» **Data to process**
Content starts
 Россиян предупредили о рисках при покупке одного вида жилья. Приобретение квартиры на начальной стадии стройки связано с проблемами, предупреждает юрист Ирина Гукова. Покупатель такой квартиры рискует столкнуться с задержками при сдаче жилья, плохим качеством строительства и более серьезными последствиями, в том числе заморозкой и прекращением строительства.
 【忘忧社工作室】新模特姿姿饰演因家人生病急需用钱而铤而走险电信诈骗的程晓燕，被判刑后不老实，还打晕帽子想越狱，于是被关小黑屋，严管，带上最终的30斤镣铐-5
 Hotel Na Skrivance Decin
Content ends
Content starts
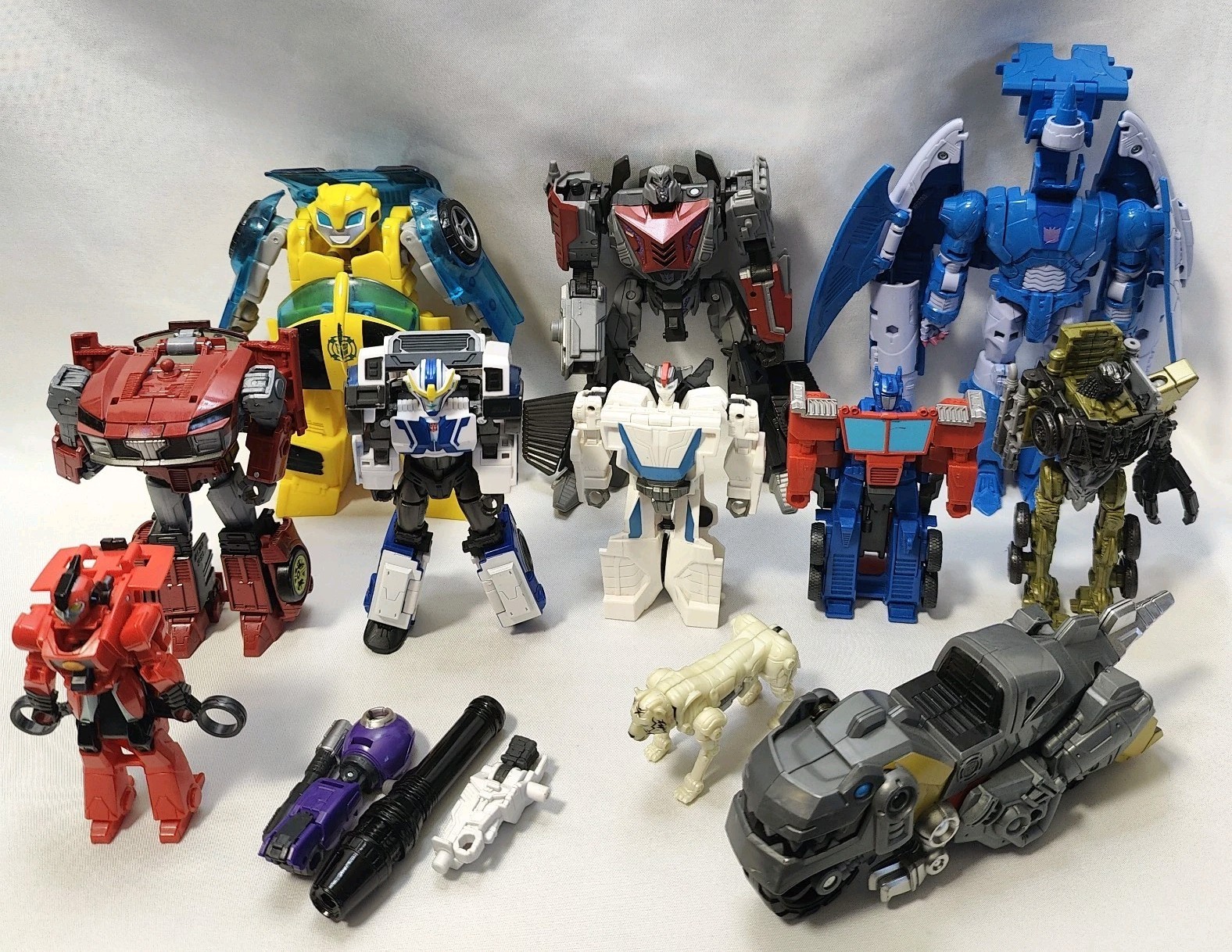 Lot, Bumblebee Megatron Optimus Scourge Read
Content ends
From the records above, transcribe without alteration every line from the one with "Россиян предупредили о" to the one with "Hotel Na Skrivance Decin", inclusive.

» **Solved problem**
 Россиян предупредили о рисках при покупке одного вида жилья. Приобретение квартиры на начальной стадии стройки связано с проблемами, предупреждает юрист Ирина Гукова. Покупатель такой квартиры рискует столкнуться с задержками при сдаче жилья, плохим качеством строительства и более серьезными последствиями, в том числе заморозкой и прекращением строительства.
 【忘忧社工作室】新模特姿姿饰演因家人生病急需用钱而铤而走险电信诈骗的程晓燕，被判刑后不老实，还打晕帽子想越狱，于是被关小黑屋，严管，带上最终的30斤镣铐-5
 Hotel Na Skrivance Decin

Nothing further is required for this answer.